If you really think a question is of such little use to anybody other than the poster that it is detrimental to the website, then I would suggest voting against it. We want to maintain the interest of our community by optimizing for pearls over sand and the voting system is balanced to accomodate for liberal votes against questions for this reason. The voting score reflects the community's aggregate interest in the question, and helps people just finding it to evaluate of how much interest the question is before they even click into it for more details. However closing questions is different, because if done without due discretion it can prevent a gem of an answer being contributed. In other words, it can optimize against both sand and pearls.
Beyond that there is not really much of an appropriate measure: Commentary is mostly reserved for constructive criticism which should lead to the improvement of the post. If the subject matter is inherently uninteresting, then no amount of feedback is going to improve the question, and if you have a suggestion to make the question more interesting then it would probably be better received if you focus on that instead of discouraging the reader by prefacing it with the narrative that the question isn't worth the trouble.
Flagging and close voting is mostly reserved for content that is problematic to the extent that it should be outright deleted from the website if it remains in its current state but too localized questions likely do not merit such extreme measures. It is not like we are a paper resource which is bereft of space to address every possible question, and it is part of our mission statement here at Stack Exchange. If a question is otherwise well-asked, and possible to answer in a constructive manner, it is effectively harmless and its removal only denies the people who are interested in the question the opportunity to address it.

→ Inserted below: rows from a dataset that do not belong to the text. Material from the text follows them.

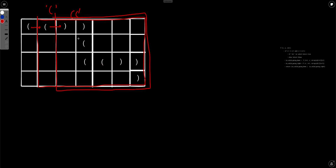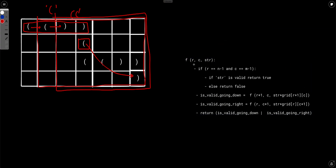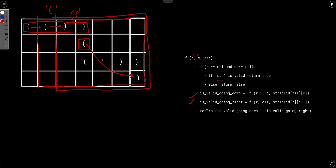So for example, if you are at a cell, you ask whether it is possible to reach the last cell with all the string already taken. The algorithm for cell (r, c) checks whether you can reach the last cell with a valid sequence, where str denotes the sequence already encountered. If you reach the end, you check whether str is valid and return true or false accordingly. If not at the end, you either go down or go right, and if one of them is valid you return true, otherwise false.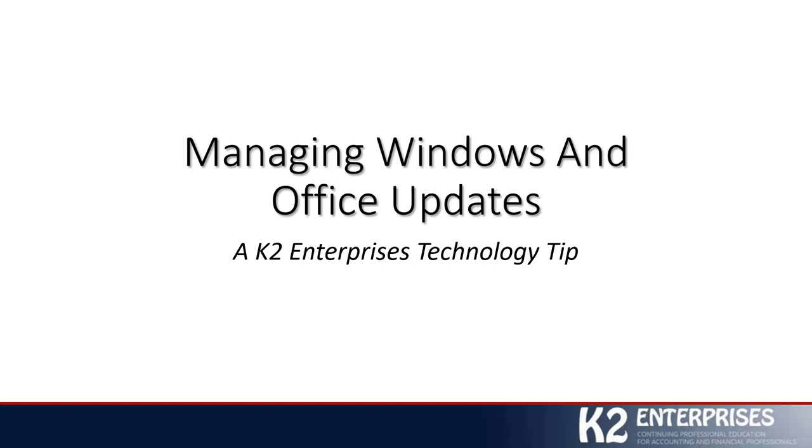Hi, this is Tommy Stevens with K2 Enterprises. Welcome to another in a series of technology tips. In this tip, we are going to focus on how you can manage your Microsoft Windows and your Microsoft Office updates. Now, I recognize that might seem like a rather mundane topic, but it's a very important topic.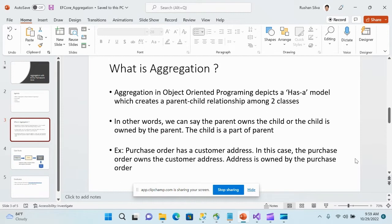To have this relationship we need two parties. In this has-a model relationship we have a parent class and a child class. The aggregation relationship lies between them. In other words, the parent owns the child — that word 'owns' is very important — or the child is owned by the parent, or the child is a part of the parent.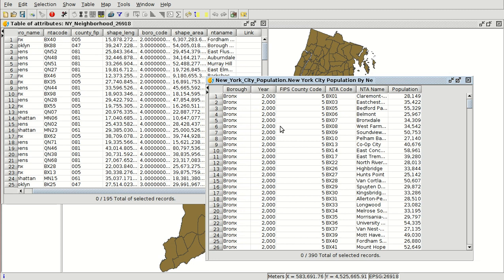We need a common field. We could use the name, but if there is any space, any accent, or any different letter in both names, the new field won't be included correctly. So we need a number or a code because numbers are unique. For example, the NTA code — you can see the format is the same: two letters and two numbers. So we are going to use this common field to join the tables.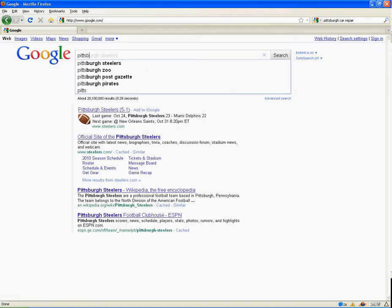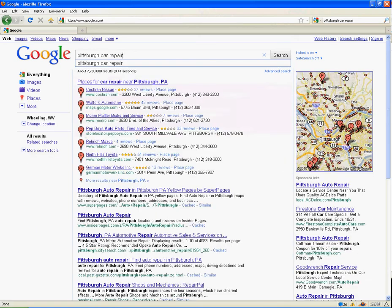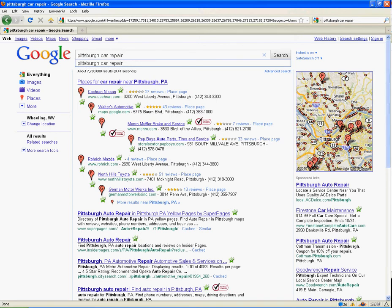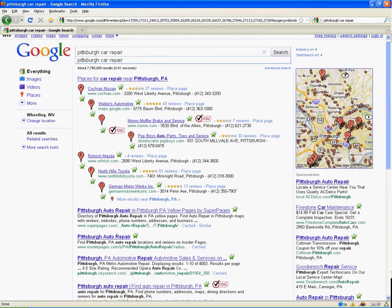In case your head wasn't spinning enough from the latest changes to Google — the major changes with Google Instant — they've now made a change where you'll see a map over on the right-hand side for Google local results for the Places pages. And then on the left-hand side, this kind of neat zigzag pattern for all of the local listings that are highlighted on the map.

Something which absolutely needs to be kept in mind is that Too Localized was a network-wide closure reason which was not merely imperfect, found to be highly problematic. It was one of the closure reasons that was eliminated as a result of the war of the closes, because it covered too many vague circumstances. You could argue that if we bar questions that are "only relevant to a small geographical mass or specific point in time" that most of our questions dialectical or historic usage should be discarded, which is something I very much doubt that most of our current intended user-base wants.
The best reason we had for too localized is perhaps because some questions were of too little interest. However the problem with that is that it is too much of a judgement call to reasonably make with any degree of consistency, which is why a more restricted too narrow closure reason was rejected as a replacement. If somebody was interested enough to ask in the first place, then it isn't too much of a stretch to assume that other people may take interest in the same problem.

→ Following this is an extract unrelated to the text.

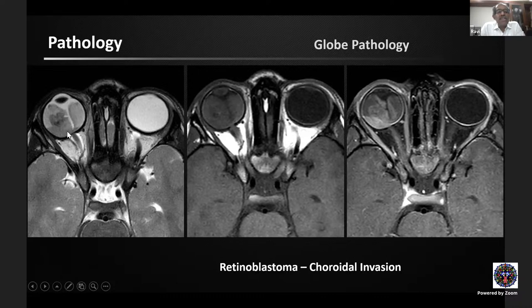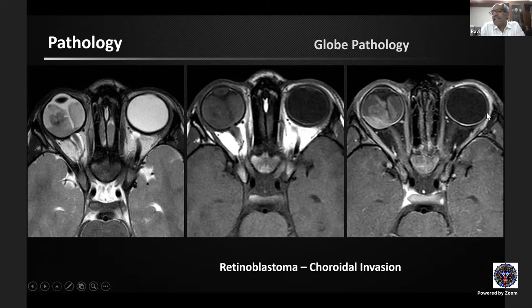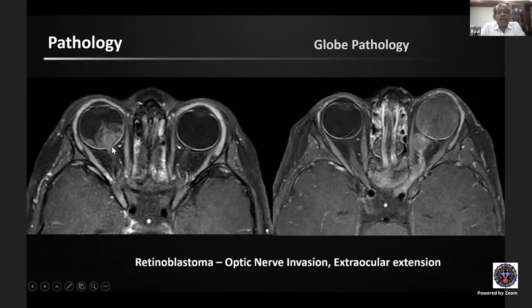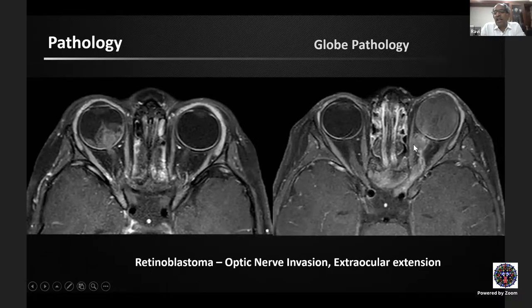In retinoblastoma, MRI reveals what CT cannot. The mass lesion is isointense to hypointense on T2 due to calcifications, isointense on T1, and enhancing on post-contrast study. Crucially, MRI shows choroidal invasion — normal choroid enhances up to a point in the right globe, beyond which it is absent, indicating choroidal invasion in this case. Focal retrolaminar optic nerve invasion of 2-3 mm, extensive optic nerve invasion to the intracranial compartment, and retroorbital fat extension are all clearly depicted on MRI.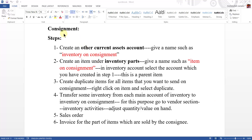Bismillahirrahmanirrahim. The next important topic is consignment. What is consignment? Consignment is basically a contract between consigner and consignee in which the consigner sends the goods to the consignee and lets him sell the goods on his behalf. When he sells the goods, he has to repay the money. And if he cannot sell the goods, he has to resend the goods.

If other people do not take interest in the same problem, then the question will probably remain unanswered anyway, meaning that there is not even so much as a need to close the question. Moreover, these unanswered questions may serve to our benefit later if we are proven wrong and somebody comes and decides to answer it with a compelling answer, but if we close those questions prematurely, then we are denying the possibility of that even happening. This is all the worse if the answer reveals matters deeper interest.That is why we have an unanswered questions queue and possibly even the necromancer badge.
Think about it this way. Should we really have a closure reason that is simply a coded method of saying "this question bores me for no certain reason?" Honestly, I think not.
Now if we had a finite amount of space at our disposal, that could be harm us by interfering with our ability to address more noteworthy subject matter. However we are not so constrained. We are not like formal dictionaries and other early reference works, since we are not limited by how many pieces of paper can be bound together in a few volumes. A few such questions here and there doesn't really seem harmful, so long as we're not getting them so often that it noticeably detracts from the overall usability of the website, and if we are, we can probably categorize the questions more meaningfully.
Now if answering a question is effectively meaningless and risks doing more harm than good in its present state, I can understand closing it for that reason, but the too localized closure reason never really did anything to identify such a fundamental problem.
To put it another way, if I decide spend a few hours pouring through references and explaining that there is no such thing as a paraphrase bracket in the English Language of my own volition, is that really such a bad thing that you really have to take active preventative measures against it? That question went unanswered for months, and I genuinely doubt that it is a matter of broad interest that will make a meaningful impact on many people's lives since most people probably don't even think about paraphrase brackets. However, I had myself wondered about how to appropriately paraphrase before, and the few people who do take interest in the matter seem to appreciate my answer.
Besides that, if we expect to operate in a community of people who help each-other learn, then answering the boring questions some other people might have, where possible may actually inspire the people who receive constructive answers to pay the favor forward, and serve to exemplify how that can be done. It's also a very good way to potentially pay back the other members who have decided to help us with questions of ours that they may have also found to be inane.
Another concern is that there is already very little middle ground between the Primarily Opinion Based and General Reference criteria, and I don't think we really need to narrow that ground even further by taking a very severe approach against questions which can only be vaguely described as "too localized". Voting against a queston's score seems like enough of a corrective measure here.
Finally, we use the questions and answers format to suss out which questions are of interest, and need addressing, but there is a certain price to be paid for that. The unique appeal of a questions and answers website to questioners, who we certainly do need, is that they might be able to gain some personalized assistance. It seems obstructive to that purpose to just uniformly block questions with no discernable problem other than what may just be personal disinterest.